Da das System „extrem sicher aufgestellt“ ist, sind nach Angaben von Prof. Hindricks keine besonderen Schutzmaßnahmen erforderlich. „Bei den im Tatort dargestellten Abläufen handelt es sich um eine fiktive Geschichte, um eine Kriminalgeschichte. Vergleichbare Szenarien oder Abläufe hat es im wirklichen Leben bislang nicht gegeben“, bestätigt er.

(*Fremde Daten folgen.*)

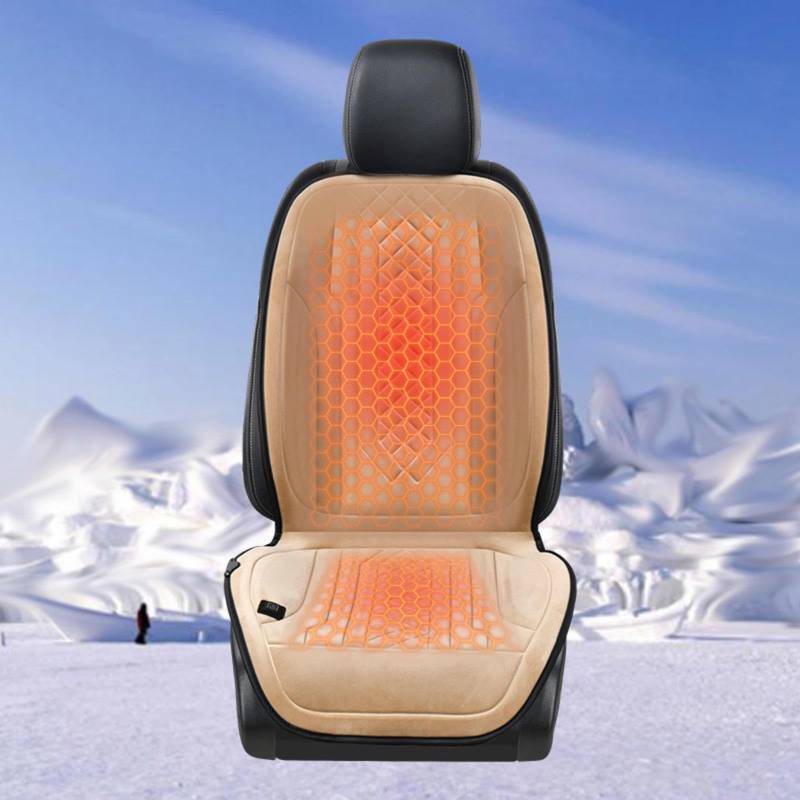 ErZhuiZi Auto Sitzheizung Auflage mit Drucksensor Sitzauflage mit Heizung Auto Sitzbezug Auto Vordersitze Heizung Adapter Zigarettenanzünder Steckdose,beige-1seat von ErZhuiZi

Er ist daher überzeugt: Patienten mit ICD oder CRT müssen sich keine Sorgen machen!
Die Deutsche Gesellschaft für Kardiologie (DGK) betont in Zusammenhang mit der Tatort-Folge, dass implantierbare Defibrillatoren sichere und lebensrettende Medizinprodukte sind, die weltweit millionenfach eingesetzt werden.
Und die im Film gezeigte Manipulation ist auch nach Einschätzung der DGK ein überspitzt dargestelltes Szenario. Die Fachgesellschaft verweist ebenfalls auf die in der Realität geltenden strengen europäischen und internationalen Sicherheitsstandards für Medizinprodukte. Dadurch seien die Systeme so konzipiert, dass ein Fremdzugriff nahezu auszuschließen sei. Cybersicherheit erhalte im medizinischen Bereich zwar zurecht zunehmende Aufmerksamkeit. Doch für Trägerinnen und Träger von elektrischen Implantaten bestehe kein Anlass für entsprechende Befürchtungen.
Experte
Prof. Dr. med. Gerhard Hindricks ist Facharzt für Innere Medizin und Kardiologie. Seit März 2023 hat er die Gesamtleitung Rhythmologie am Deutschen Herzzentrum der Charité (DHZC) in Berlin inne. Zudem ist er Mitglied im Wissenschaftlichen Beirat der Herzstiftung.